Saturday, March 12, 2011

"hello, welcome to regions. my name is ann"


back when i subscribed to sports illustrated, one of my favorite little blurbs was a short snippet/fact/stat/absurdity that could be found towards the beginning of every issue under the header, "sign of the apocalypse". it would be something like, "the yankees asked the city of new york for $370 million dollars in bonds for their new stadium the same week they signed cc sabathia to a $161 million contract." or "shawn king, a former nfl defensive lineman, says he failed a league drug test because the woman whose urine he had used to help hide his marijuana use turned out to be pregnant". they were always really funny, most because they were insane and totally grounded in this world's reality all at the same time. ever since, i feel like i notice my own personal signs of the apocalypse all the time in my daily routine or reading. this week, at regions bank, one of those such happenstances occurred.

regions bank has been struggling for a while now. having gone in the huffman and/or roebuck branch 5 days out of 7 for the last five years, i've noticed many different attempts to change their look/perception/image at the only level most of their customers will ever see, the branch level. they painted shit kermit the frog green. they advertised by showing people riding kermit green bicycles around downtown and in their promotions/commercials. (i have no idea what that was about.) they added flat screens to their lobby to take people's minds off the fact that they were waiting fifteen-thirty minutes in line because someone had only scheduled two tellers on a payday friday. tellers have always been asked to be nice to the customers, at least i assume this has remained the case since my one year of teller-ship at amsouth before regions bought them out. now, though, tellers are trained to be SUPER nice.
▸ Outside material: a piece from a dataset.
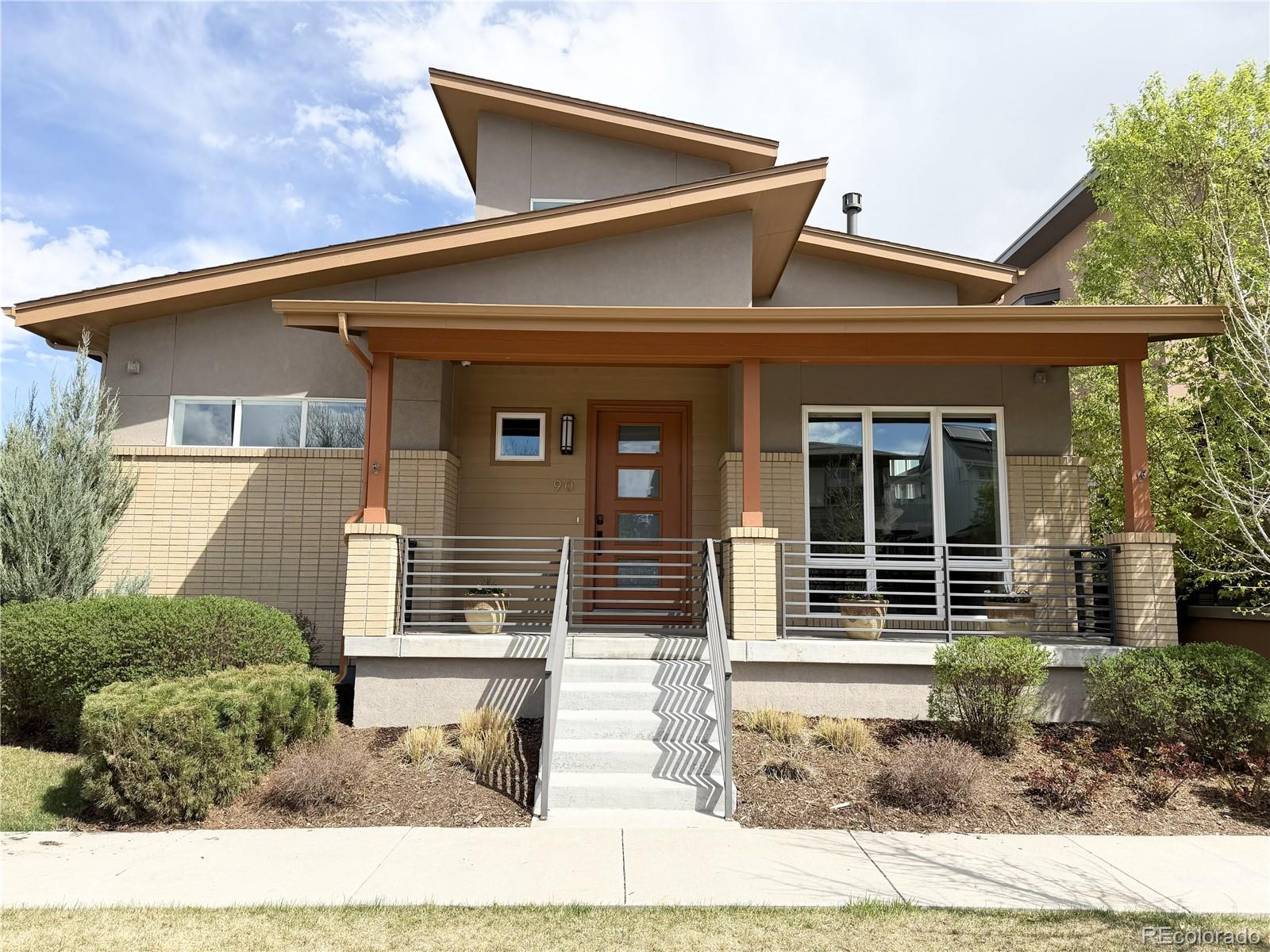 90 Niagara Street Denver, CO 80230 - Photo 1 of 4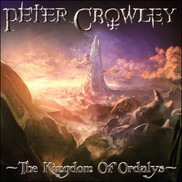 Peter Crowley - The Kingdom Of Ordalys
like many businesses in the last five-ten years, name recognition is becoming an increasingly annoying method of welcoming a customer into your establishment. WELCOME TO COLDSTONE!!!, anyone? pet supplies "plus" tried this for a couple weeks two or three years ago until we realized that "hello!!! welcome to pet supplies "plus"!!! can we help you???" rang entirely insincere and counter to the sentiment we want our customers to feel when they came in the door. regions has tried to institute this method in the last year or so, at least if the branch manager is taking notes. it's funny to me, because the effort is absolutely and directly related to the idea of "if the cat is away, the mice will play", meaning if the branch manager is in her office, i will be warmly greeted upon entering the branch. all of the customer service reps. will smile a fake smile at me as i move past them. i will be told "good-bye" as i leave. it's a wonderful put-on. if she is not there, though, well, it's a different story. the csr's don't look up as i walk by. i am not told "have a nice day" when i exit. i'll eavesdrop on conversations concerning haircuts or old people. i'll smile and think, "that's more like it. at least now, you are being yourself". when you approach the teller line, name recognition effort has been more successfully indoctrinated. "hello. welcome to regions. my name is ann."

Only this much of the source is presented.